STORED DATA:
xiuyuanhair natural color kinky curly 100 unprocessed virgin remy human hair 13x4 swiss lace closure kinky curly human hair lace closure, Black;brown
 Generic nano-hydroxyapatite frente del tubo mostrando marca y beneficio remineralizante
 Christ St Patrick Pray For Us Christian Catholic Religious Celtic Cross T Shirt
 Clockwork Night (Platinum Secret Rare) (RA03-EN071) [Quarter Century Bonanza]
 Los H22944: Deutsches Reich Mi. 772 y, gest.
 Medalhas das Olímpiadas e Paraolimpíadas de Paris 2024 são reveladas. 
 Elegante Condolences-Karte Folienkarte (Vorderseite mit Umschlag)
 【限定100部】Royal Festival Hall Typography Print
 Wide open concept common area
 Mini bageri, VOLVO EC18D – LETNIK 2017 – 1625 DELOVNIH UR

WHAT THIS TASK INVOLVES: All lines from the one with "Elegante Condolences-Karte Folienkarte" through the final line above are to be quoted exactly; quote no other line.

SOLUTION FOR THIS TASK:
 Elegante Condolences-Karte Folienkarte (Vorderseite mit Umschlag)
 【限定100部】Royal Festival Hall Typography Print
 Wide open concept common area
 Mini bageri, VOLVO EC18D – LETNIK 2017 – 1625 DELOVNIH UR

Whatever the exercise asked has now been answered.